▸ THE PROBLEM
Repeat, word for word, every line from the line holding "Sweatshirts Solid Sweatshirts" through the final line of the entries below. Skip all pictures.

[[ DATASET EXTRACT, beginning ]]

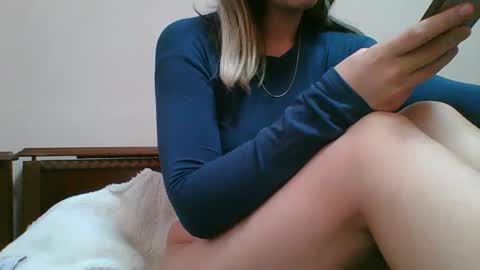 Snapshot of emma_991 chatting on December 2024 10:01:01 AM emma_991 online show from December 2024 10:01:01 AM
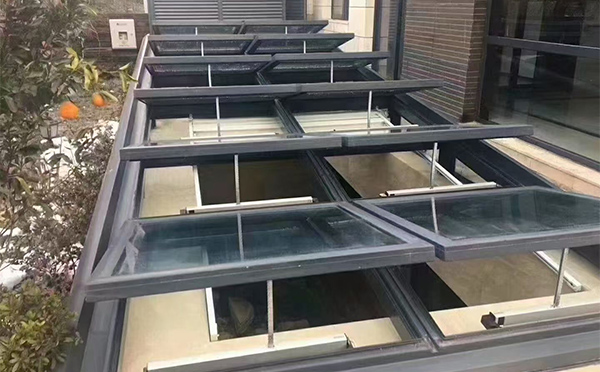 某轨道交通车辆维修车间渭源排烟窗应用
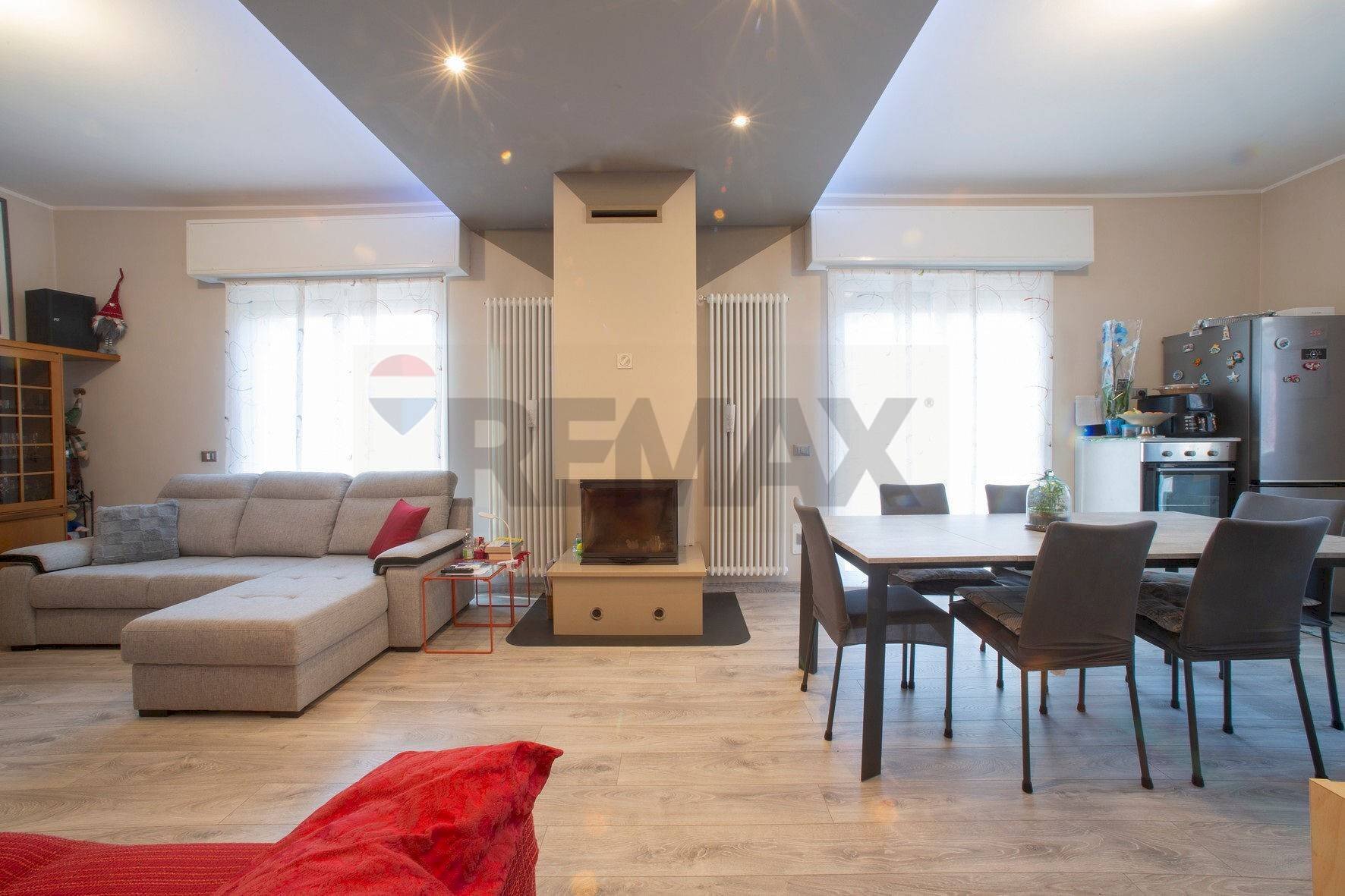 Sala da pranzo - Casa indipendente Costa Volpino - foto 1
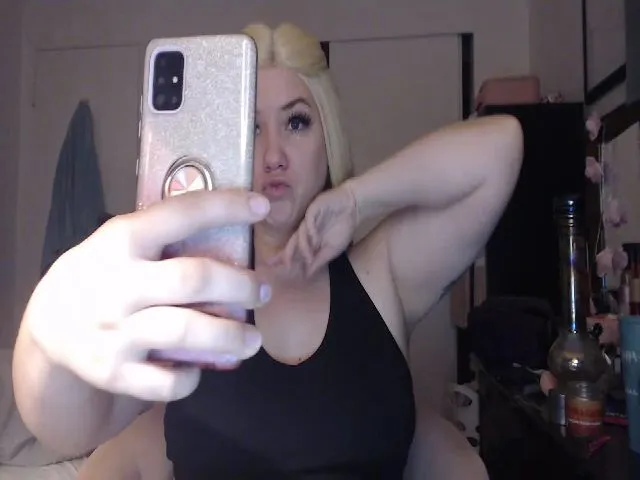 Live sex webcam photo for Krissybae #262571833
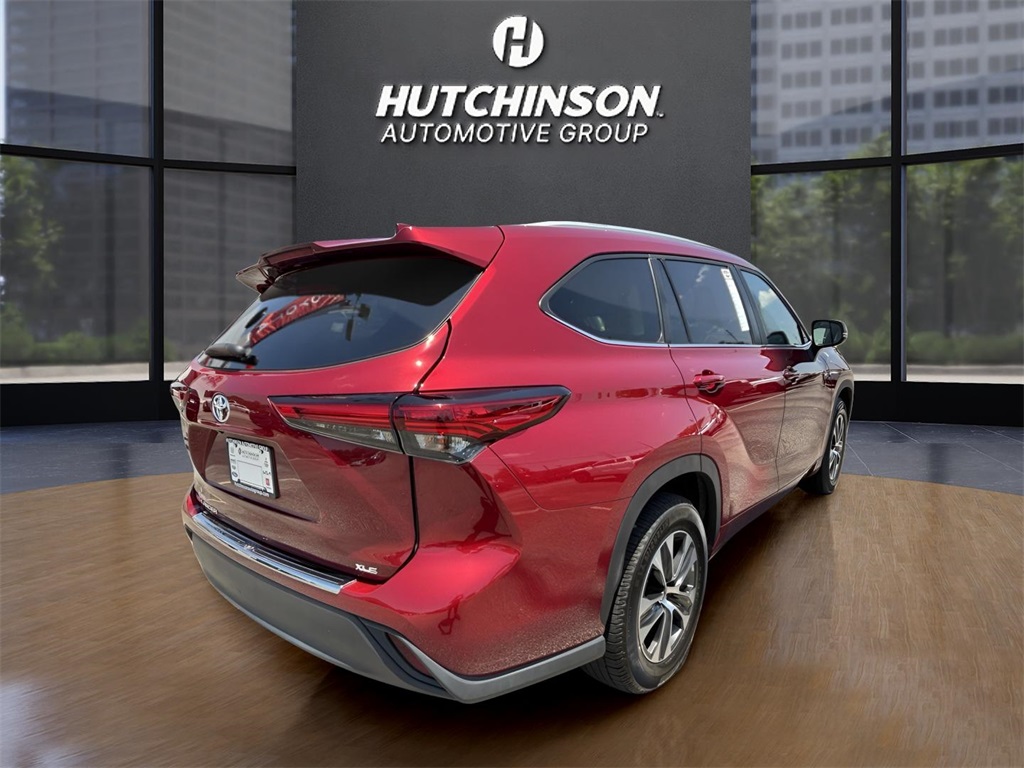 2023 Toyota Highlander XLE photo 7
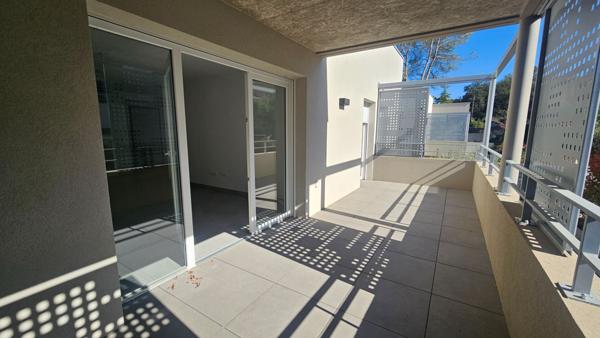 Appartement Nimes 3 pièces 67.60 m2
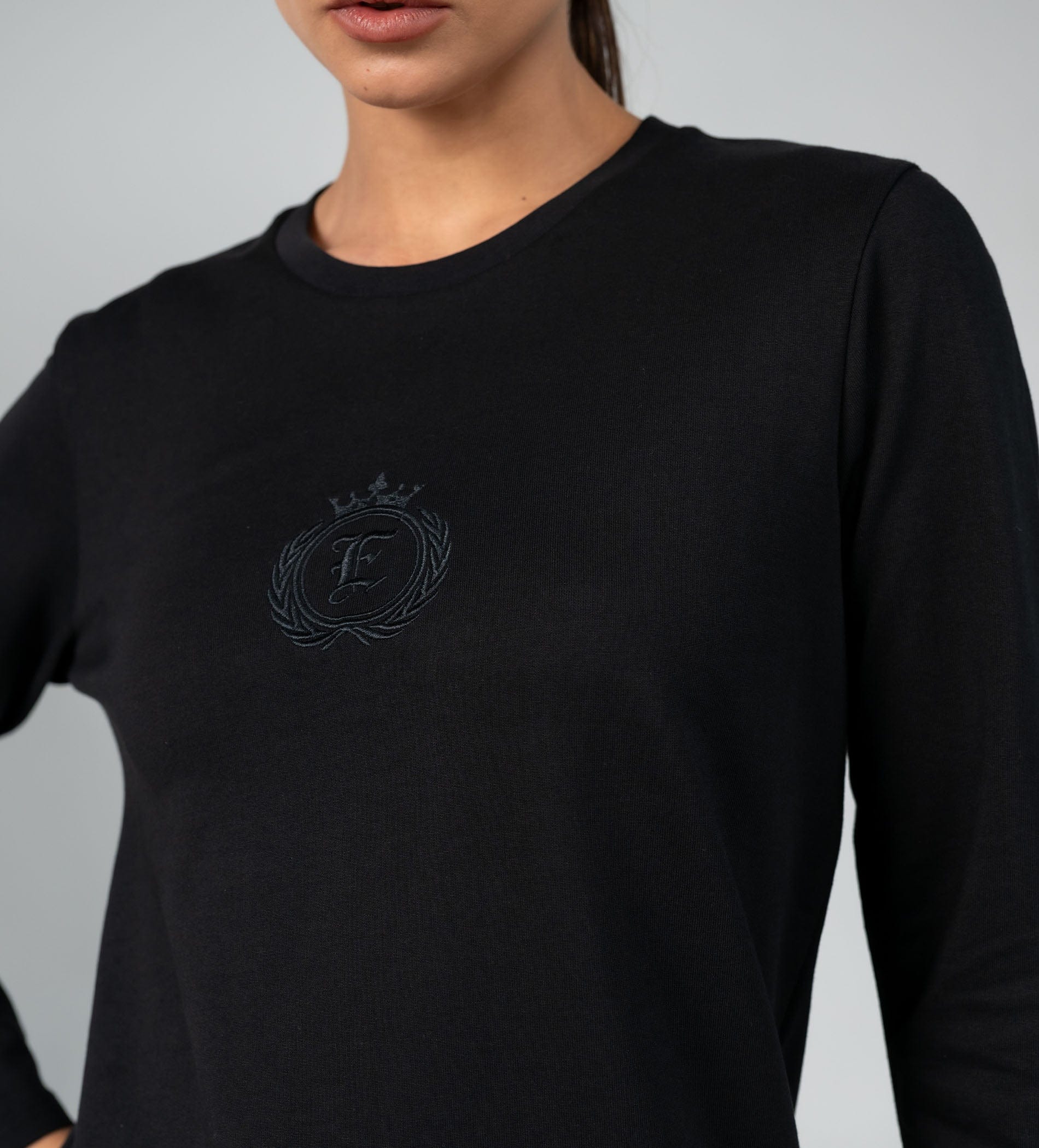 Sweatshirts Solid Sweatshirts Monochrome Emblem Black sweatshirt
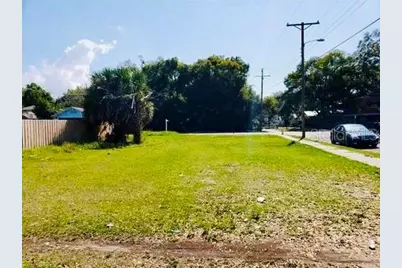502 E Floribraska Avenue, Tampa, FL 33603 - Photo 1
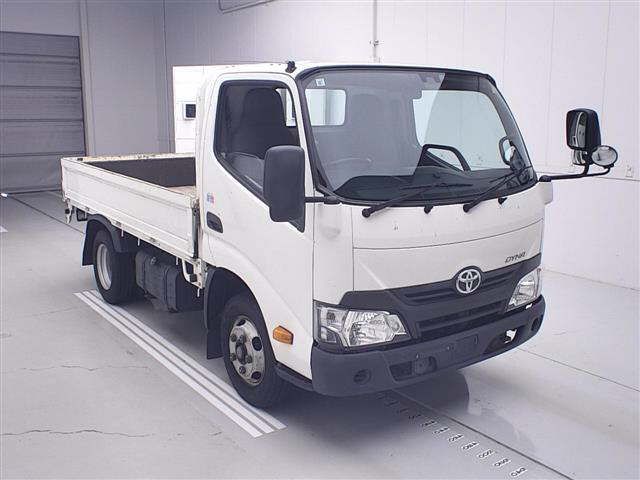 Japan Auction Vehicles 12 2019 Toyota Dyna 2-ton Full Just Low PCS D-T auction photo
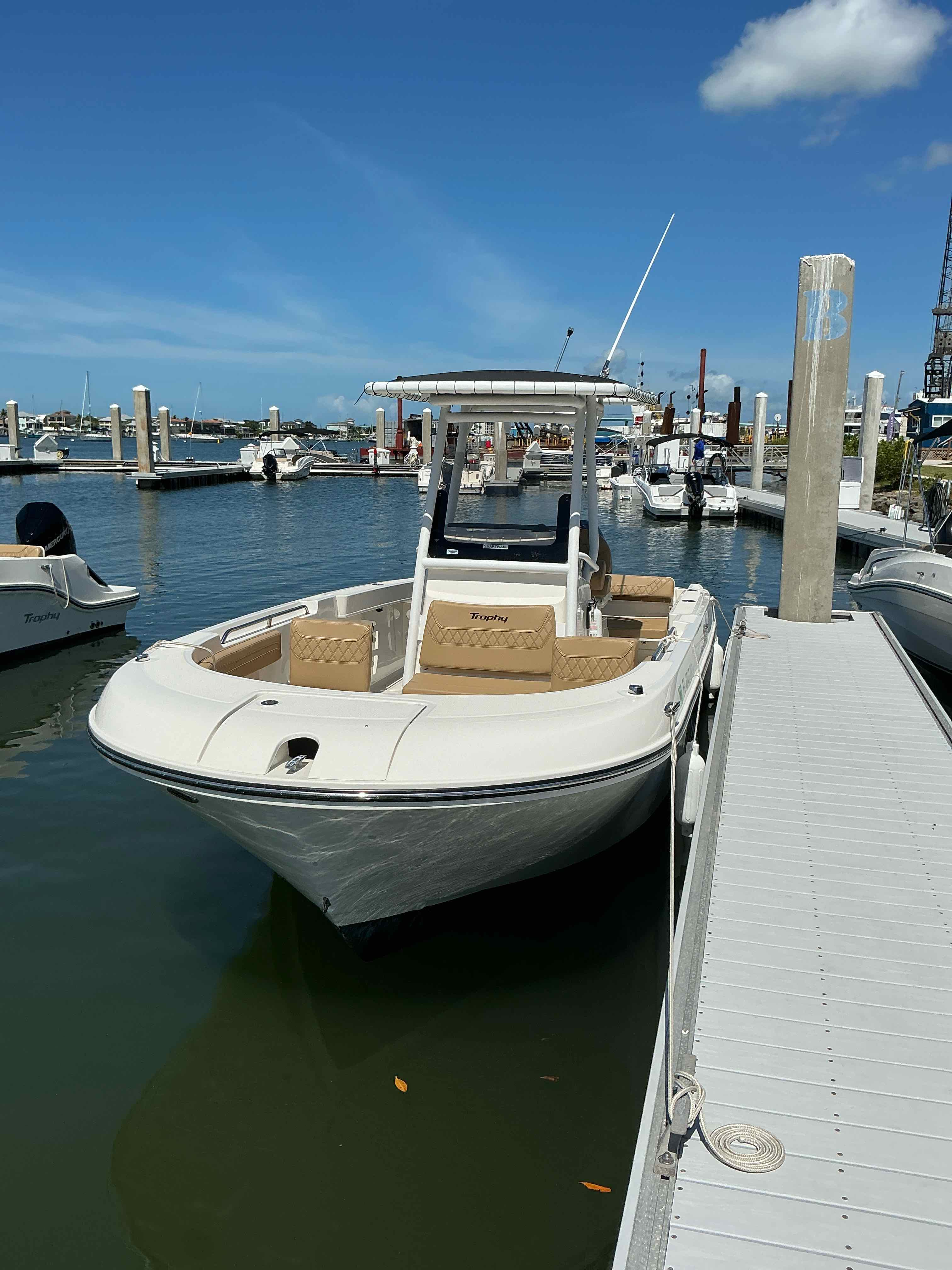 SMARTWAKE (24' Trophy Center Console 250 HP - Fishing/Cruising)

[[ DATASET EXTRACT, end ]]

▸ EXERCISE RESPONSE
 Sweatshirts Solid Sweatshirts Monochrome Emblem Black sweatshirt
502 E Floribraska Avenue, Tampa, FL 33603 - Photo 1
 Japan Auction Vehicles 12 2019 Toyota Dyna 2-ton Full Just Low PCS D-T auction photo
 SMARTWAKE (24' Trophy Center Console 250 HP - Fishing/Cruising)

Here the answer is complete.